当時はまだ、バカチョンカメラ(小型フィルムカメラ)しか持っていなかった頃で、後年になって、アルバムに貼って有った紙焼き写真をスキャナーで取り込んだ写真が外付けHDに残っており、引っ張り出してみた。記憶はどんどん曖昧になってきているが、写真や、当時の記録・メモ等を見ると、あの日、あの場所の情景までが蘇ってくるから不思議なことだと思う。
深田久弥著 「日本百名山」
「五竜岳(ごりゅうだけ)」
(一部抜粋)
北安曇から後立山連峰を眺めると、高さは特別ではないが、山容雄偉、岩稜峻癘、根張りのどっしりした山が目につく。それこそ大地から生えたようにガッチリしていて、ビクとも動かないと言った感じである。これが五竜岳だ。北は大黒の岩峰を経て唐松岳へ続き、南は八峰キレットの嶮によって鹿島槍岳へ連なり、昔は後立山縦走中の難関であった。
(中略)
後立山連峰という呼び方は、北アルプスが一般登山者に開かれてから通用しだしたものである。藩政時代の絵図にも後立山という名はあった。しかしそれは立山(りゅうざん)から見て黒部川の対岸の山を後立山(ごりゅうざん)と称したのである。
(中略)
後立がいずれの山を指すかについては、初期「山岳」誌上で盛んな論争があったが、ゴリュウが五竜に通じる点から、今の五竜岳であろうという説が勝を占めた。しかしその後いろいろ検討の末、昔の後立は今の鹿島槍に相当することが確定的となった。
信州側では、戦国時代この地方が武田信玄の勢力範囲だったので、山の残雪の形が武田菱に似ているところから、御菱(ごりょう)と呼んだ。それがゴリュウに転訛したという説があるが、確かな文献はない。山麓の人々は割菱ノ頭と呼んでいた。
ゴリョウに五竜という宛字をしたのは、この山に最も早く登った三枝威之介で、明治四十一年(1908年)七月のことだった。
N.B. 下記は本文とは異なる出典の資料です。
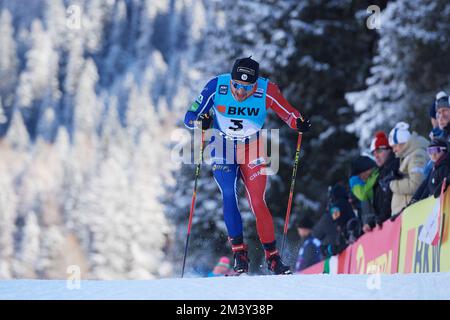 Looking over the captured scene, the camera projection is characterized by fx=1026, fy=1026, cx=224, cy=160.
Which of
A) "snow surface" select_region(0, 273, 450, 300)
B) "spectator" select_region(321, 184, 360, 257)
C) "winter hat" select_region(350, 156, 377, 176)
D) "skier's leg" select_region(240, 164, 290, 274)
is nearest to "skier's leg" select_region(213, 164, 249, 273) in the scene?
"skier's leg" select_region(240, 164, 290, 274)

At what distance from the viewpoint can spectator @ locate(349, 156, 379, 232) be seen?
34.7 ft

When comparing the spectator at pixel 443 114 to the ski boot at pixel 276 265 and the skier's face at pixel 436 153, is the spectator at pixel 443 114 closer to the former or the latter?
the skier's face at pixel 436 153

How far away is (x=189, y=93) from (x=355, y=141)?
148 inches

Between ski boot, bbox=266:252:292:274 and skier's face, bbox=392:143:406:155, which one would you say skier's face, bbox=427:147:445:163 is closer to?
skier's face, bbox=392:143:406:155

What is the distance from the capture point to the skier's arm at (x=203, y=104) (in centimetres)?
855

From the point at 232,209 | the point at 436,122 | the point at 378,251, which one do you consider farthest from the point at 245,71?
the point at 378,251

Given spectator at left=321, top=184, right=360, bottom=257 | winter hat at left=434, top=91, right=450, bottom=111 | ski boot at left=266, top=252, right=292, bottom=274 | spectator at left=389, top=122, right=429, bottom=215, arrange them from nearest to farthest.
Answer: ski boot at left=266, top=252, right=292, bottom=274, winter hat at left=434, top=91, right=450, bottom=111, spectator at left=389, top=122, right=429, bottom=215, spectator at left=321, top=184, right=360, bottom=257

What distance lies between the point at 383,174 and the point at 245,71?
2367 millimetres

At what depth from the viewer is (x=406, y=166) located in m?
9.48

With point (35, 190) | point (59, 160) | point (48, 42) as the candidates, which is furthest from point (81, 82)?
point (35, 190)

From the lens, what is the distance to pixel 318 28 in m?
22.8

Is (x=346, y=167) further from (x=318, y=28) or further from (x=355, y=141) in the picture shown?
(x=318, y=28)

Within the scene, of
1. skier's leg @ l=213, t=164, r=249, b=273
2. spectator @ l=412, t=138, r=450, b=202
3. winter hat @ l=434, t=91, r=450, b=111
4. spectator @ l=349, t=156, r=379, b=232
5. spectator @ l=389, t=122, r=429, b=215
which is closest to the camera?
spectator @ l=412, t=138, r=450, b=202

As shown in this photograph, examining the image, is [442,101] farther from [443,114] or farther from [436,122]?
[436,122] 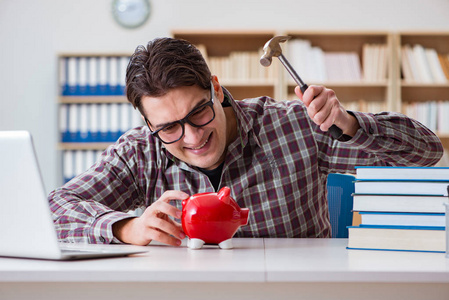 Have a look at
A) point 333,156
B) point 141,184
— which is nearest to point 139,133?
point 141,184

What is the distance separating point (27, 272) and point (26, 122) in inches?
144

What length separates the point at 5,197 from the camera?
32.6 inches

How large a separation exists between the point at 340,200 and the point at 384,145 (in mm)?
284

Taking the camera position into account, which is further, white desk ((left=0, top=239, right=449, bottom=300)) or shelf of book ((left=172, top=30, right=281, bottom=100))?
shelf of book ((left=172, top=30, right=281, bottom=100))

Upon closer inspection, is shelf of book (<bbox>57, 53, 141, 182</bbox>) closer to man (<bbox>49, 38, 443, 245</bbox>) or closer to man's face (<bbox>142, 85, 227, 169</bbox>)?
man (<bbox>49, 38, 443, 245</bbox>)

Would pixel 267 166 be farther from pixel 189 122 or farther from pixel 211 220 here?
pixel 211 220

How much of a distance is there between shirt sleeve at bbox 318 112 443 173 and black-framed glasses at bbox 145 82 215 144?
12.9 inches

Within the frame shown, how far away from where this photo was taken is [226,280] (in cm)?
73

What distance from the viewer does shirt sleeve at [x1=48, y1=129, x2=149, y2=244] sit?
3.88ft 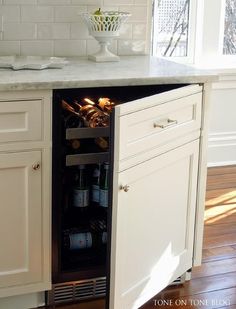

それ以後五竜は確固として動かなかったが、この軽佻なところの少しもないガッチリした山に、五竜という重厚な名は全く打ってつけだと思う。
(後略)
山行コース・歩程等
(1日目)テレキャビン山頂駅(アルプス平駅)→地蔵ノ頭→(遠見尾根)→見返りノ坂→
一ノ背髪→二ノ背髪→小遠見山山頂→中遠見山山頂→池・広場→
大遠見山山頂(巻き道)→西遠見山山頂(巻き道)→白岳山頂→五竜山荘(泊)
(標準歩行所要時間=約5時間40分)
(2日目)五竜山荘→五竜岳山頂(往復)→五竜山荘→大黒岳(巻き道)→唐松岳頂上小屋→
唐松岳山頂(往復)→唐松岳頂上小屋→丸山ケルン→(八方尾根)→上ノ樺→下ノ樺→
八方池・第3ケルン→八方池山荘・第1ケルン
(標準歩行所要時間=約7時間30分)
(朝日新聞社の「週刊・日本百名山」から拝借)

(1日目)
やはり、前日、早めに仕事を切り上げて、仮眠し、真夜中に、自宅を出発、
朝8時頃に、五竜とおみスキー場テレキャビン駐車場に到着したようだ。
8時30分頃のテレキャビンに乗り、約10分で、
標高1,515mのテレキャビン山頂駅(アルプス平駅)に到着。
8時45分頃、スタートしたようだ。
最初は、お花畑となっているスキー場のゲレンデを登っていく感じだったと思う。
約30分で、ケルンの有る、地蔵ノ頭(標高1,676m)に着く。

次第にガスがたちこめてきて、展望が無くなってしまった。
小遠見山山頂(標高2,007m) 中遠見山山頂(標高2,037m)

展望無く、足元の高山植物に励まされながら、ひたすら登るのみ・・・、
当時は、高山植物の花名も知らず分からずで、
後年になって、花名同定してみたが、ピンボケ写真で、不明も多しだ。

シモツケソウ

オヤマリンドウ? ミヤマウツボグサ?

ミヤマシシウド?

ミヤマコゴメグサ? ミヤマノギク?

大遠見山山頂(標高2,106.3m)は、南側を巻いて通過、
池塘有り、濃いガス覆われ幻想的?、
ここで、早目の昼食にしたようだ。

コバイケイソウ? タテヤマリンドウ?

気温上昇、湿気が強く、汗だくになり・・・

イブキジャコウソウ? ウメバチソウ?

オオヒョウタンボク?

チングルマの花柱 ツリガネニンジン?

ウサギギク? ?

イワショウブ? カライトソウ?

西遠見山山頂(標高2,265m)も、山頂を巻いて通過、
左側からシラタケ沢の沢音が聞こえて来る辺りから、次第に岩場の急登となり
14時頃、白岳山頂(標高2,541m)に到着、
富山県側には、ガスが掛かっておらず、
濃いガスの中、長い遠見尾根をひたすら登ってきた者には、
稜線上の涼風と展望は、なによりのご褒美。
ヤッホー!


14時30分頃、五竜山荘に到着したようだ。
宿泊者少数のため、個室状態。
雨濡れではなかったが、湿気と汗の衣類を乾燥室で乾かす。
夕方、五竜岳や夕焼けを見にぞろぞろ・・、

期待した程の景観にはならなかったが・・・、

夕食は、17時30分からだったようだが、冷え込みが厳しく、
翌日の好天を期待しながら、20時頃には、布団に潜り込んだようだ。